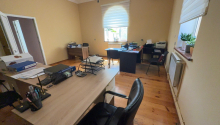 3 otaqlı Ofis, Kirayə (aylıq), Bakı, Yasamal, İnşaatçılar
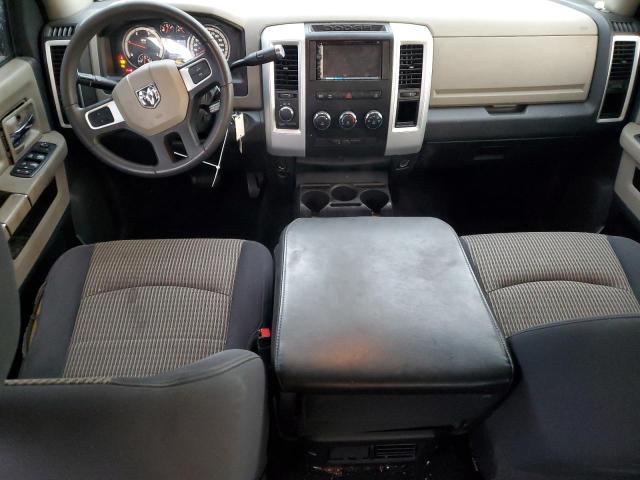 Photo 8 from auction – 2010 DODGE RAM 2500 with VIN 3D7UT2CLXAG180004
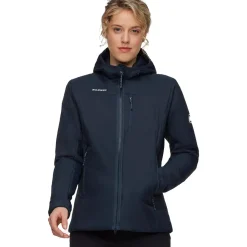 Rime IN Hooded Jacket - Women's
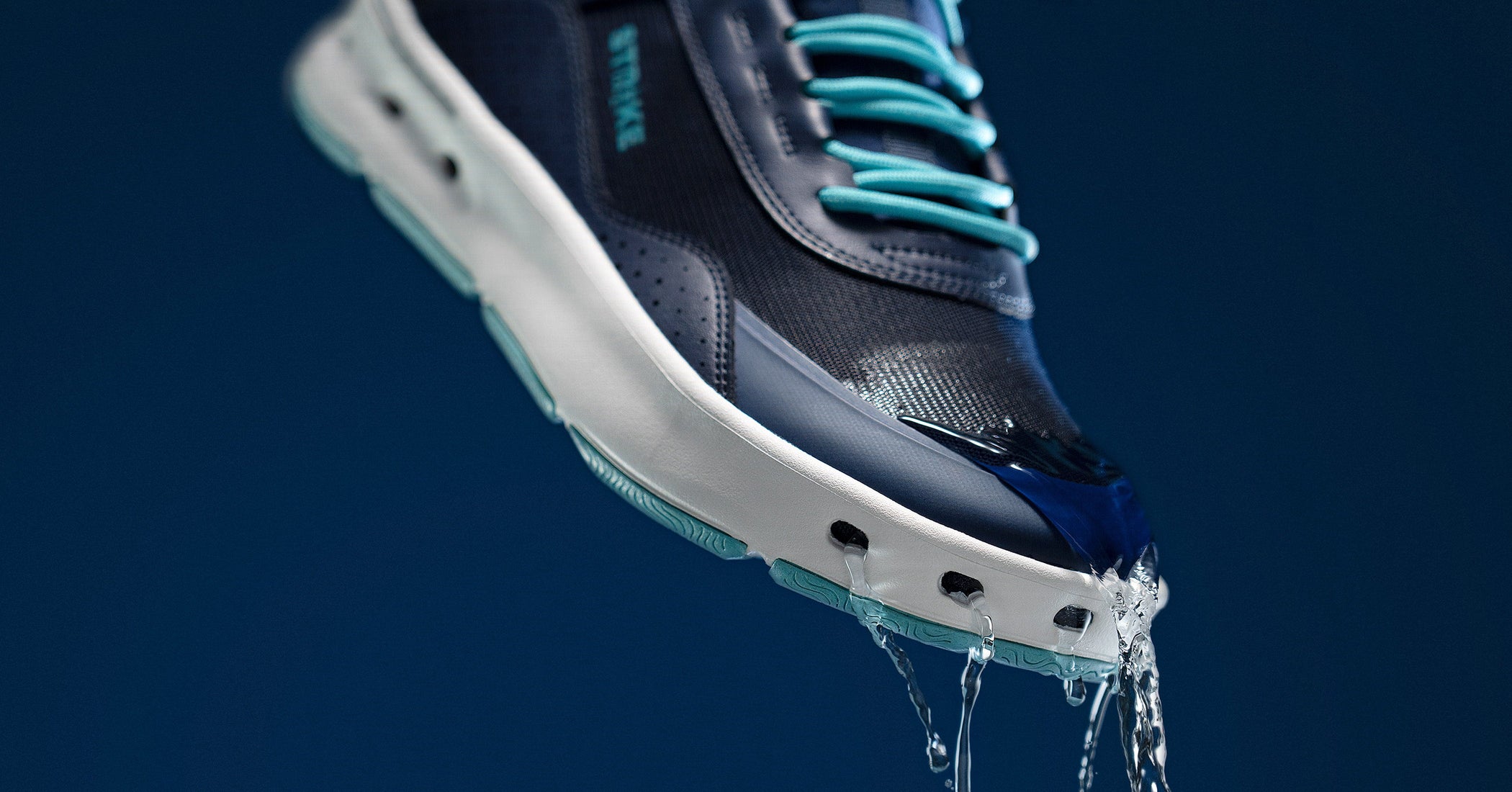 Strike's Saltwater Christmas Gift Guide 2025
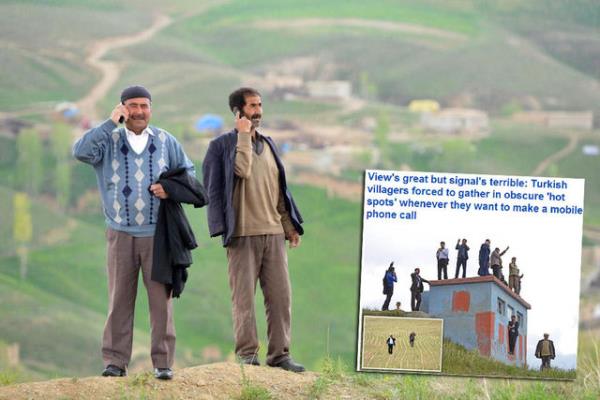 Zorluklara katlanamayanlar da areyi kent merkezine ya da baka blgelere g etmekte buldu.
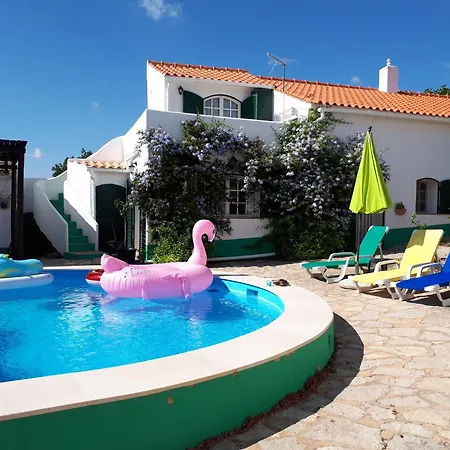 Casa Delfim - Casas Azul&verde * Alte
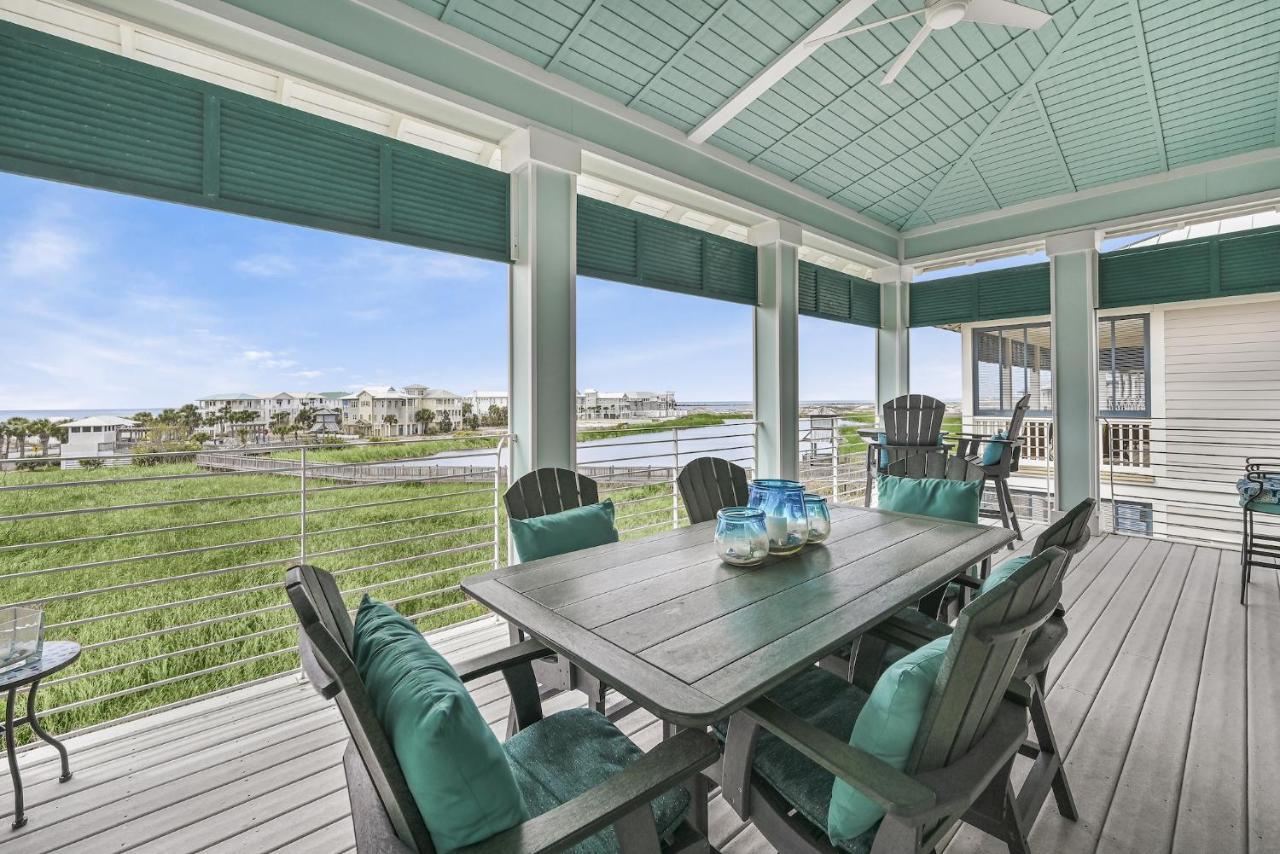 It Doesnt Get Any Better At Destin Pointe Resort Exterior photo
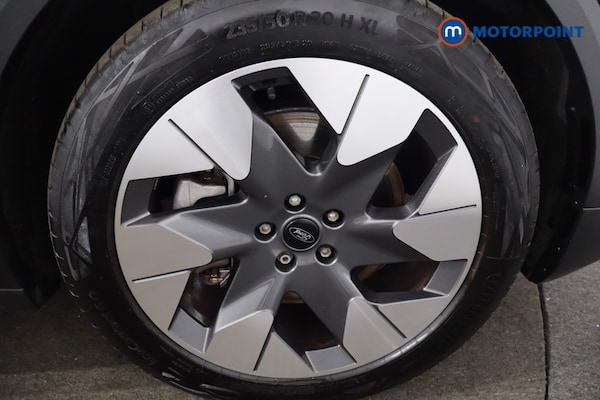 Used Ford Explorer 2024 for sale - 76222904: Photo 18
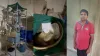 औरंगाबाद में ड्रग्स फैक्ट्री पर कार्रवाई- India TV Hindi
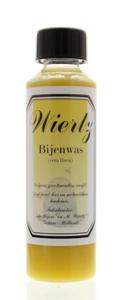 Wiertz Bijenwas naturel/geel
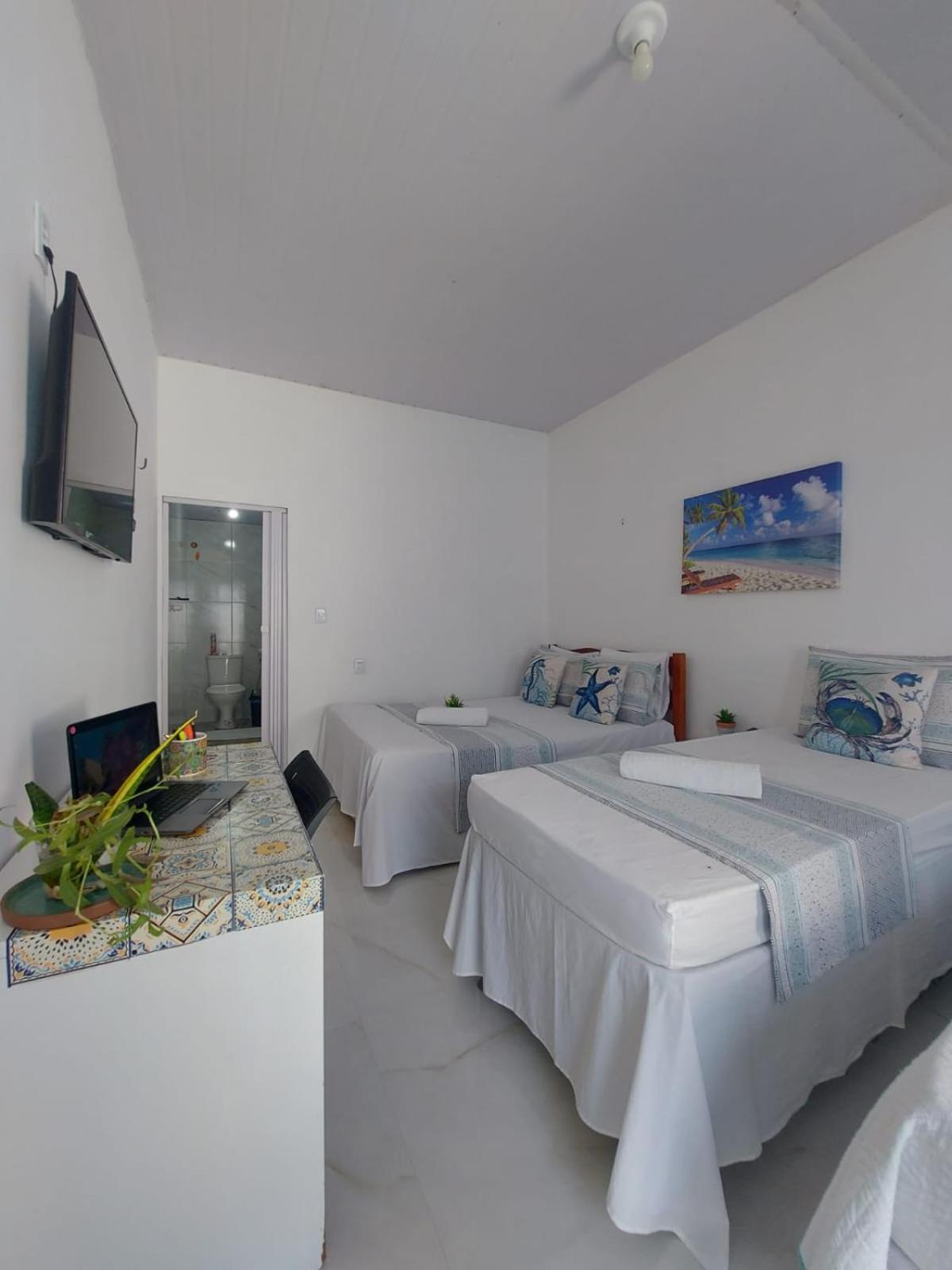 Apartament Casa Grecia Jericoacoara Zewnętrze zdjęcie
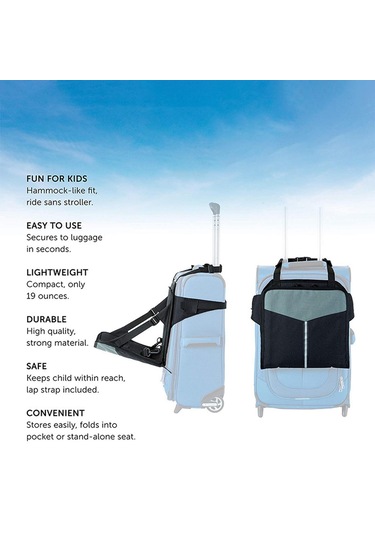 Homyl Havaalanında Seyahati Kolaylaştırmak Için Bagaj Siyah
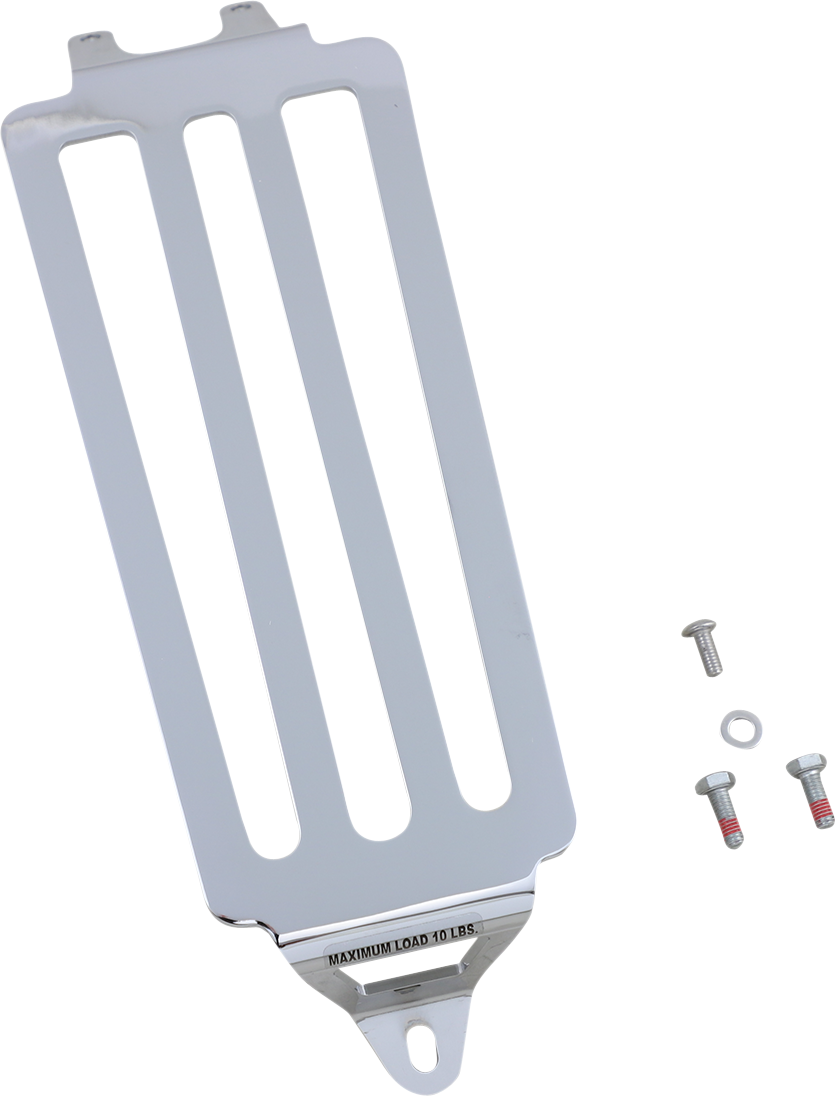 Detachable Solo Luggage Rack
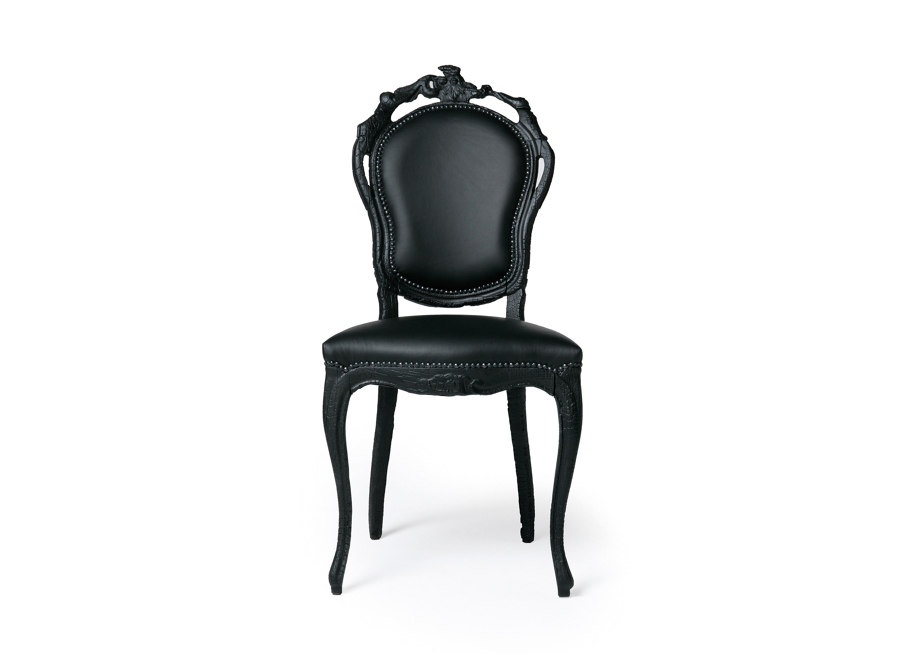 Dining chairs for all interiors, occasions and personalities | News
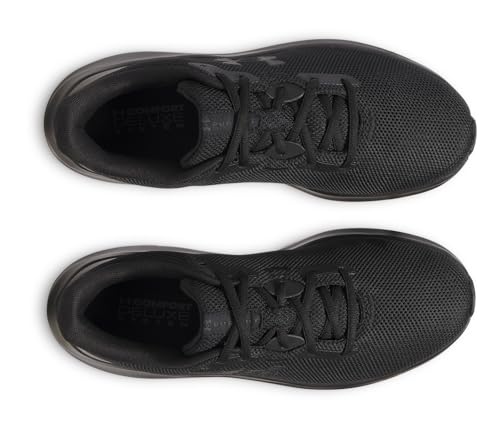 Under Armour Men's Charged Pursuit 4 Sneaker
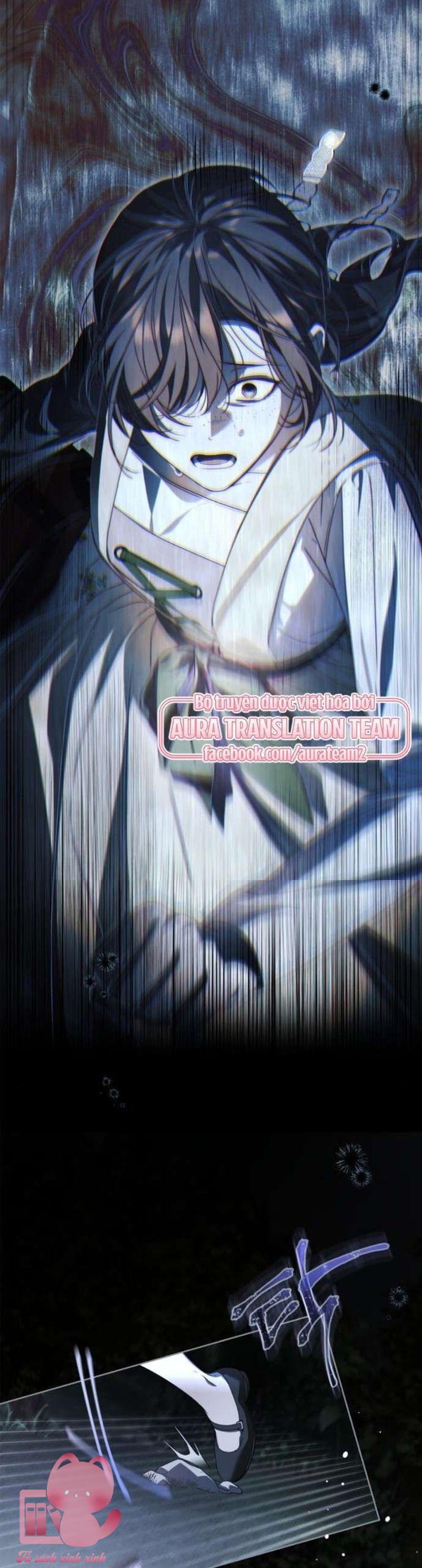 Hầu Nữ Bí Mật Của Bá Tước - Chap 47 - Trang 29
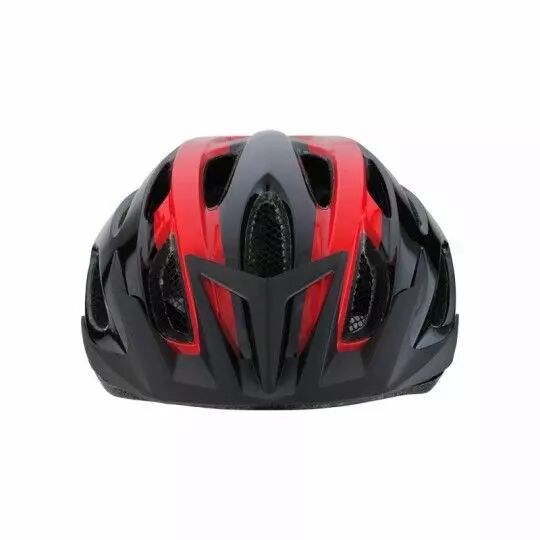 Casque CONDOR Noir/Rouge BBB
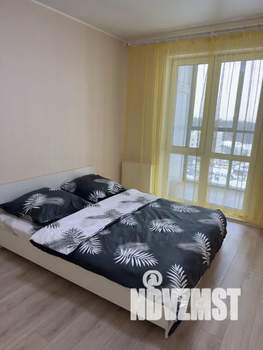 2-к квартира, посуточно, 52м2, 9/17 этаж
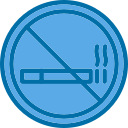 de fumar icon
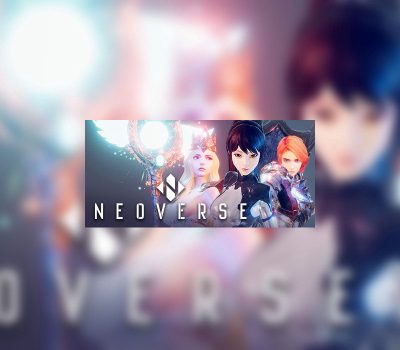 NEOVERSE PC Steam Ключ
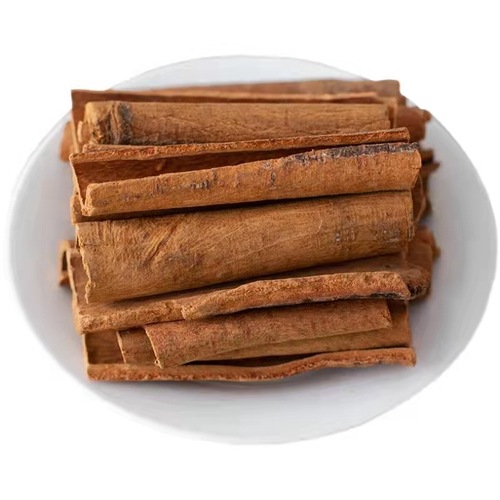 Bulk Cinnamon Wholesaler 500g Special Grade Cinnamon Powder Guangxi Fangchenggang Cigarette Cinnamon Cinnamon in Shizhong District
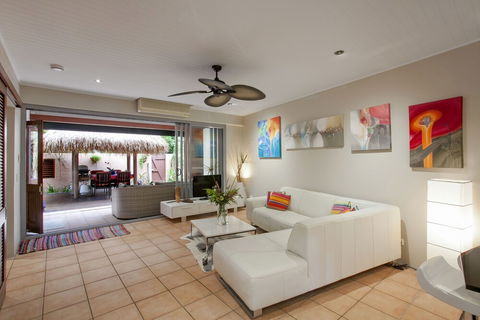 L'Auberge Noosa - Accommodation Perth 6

*Task prompt*: From the material above, copy everything exactly but the pictures.

*Answer section*:
 3 otaqlı Ofis, Kirayə (aylıq), Bakı, Yasamal, İnşaatçılar
 Photo 8 from auction – 2010 DODGE RAM 2500 with VIN 3D7UT2CLXAG180004
 Rime IN Hooded Jacket - Women's
 Strike's Saltwater Christmas Gift Guide 2025
 Zorluklara katlanamayanlar da areyi kent merkezine ya da baka blgelere g etmekte buldu.
 Casa Delfim - Casas Azul&verde * Alte
 It Doesnt Get Any Better At Destin Pointe Resort Exterior photo
 Used Ford Explorer 2024 for sale - 76222904: Photo 18
 औरंगाबाद में ड्रग्स फैक्ट्री पर कार्रवाई- India TV Hindi
 Wiertz Bijenwas naturel/geel
 Apartament Casa Grecia Jericoacoara Zewnętrze zdjęcie
 Homyl Havaalanında Seyahati Kolaylaştırmak Için Bagaj Siyah
 Detachable Solo Luggage Rack
 Dining chairs for all interiors, occasions and personalities | News
 Under Armour Men's Charged Pursuit 4 Sneaker
 Hầu Nữ Bí Mật Của Bá Tước - Chap 47 - Trang 29
 Casque CONDOR Noir/Rouge BBB
 2-к квартира, посуточно, 52м2, 9/17 этаж
 de fumar icon
 NEOVERSE PC Steam Ключ
 Bulk Cinnamon Wholesaler 500g Special Grade Cinnamon Powder Guangxi Fangchenggang Cigarette Cinnamon Cinnamon in Shizhong District
 L'Auberge Noosa - Accommodation Perth 6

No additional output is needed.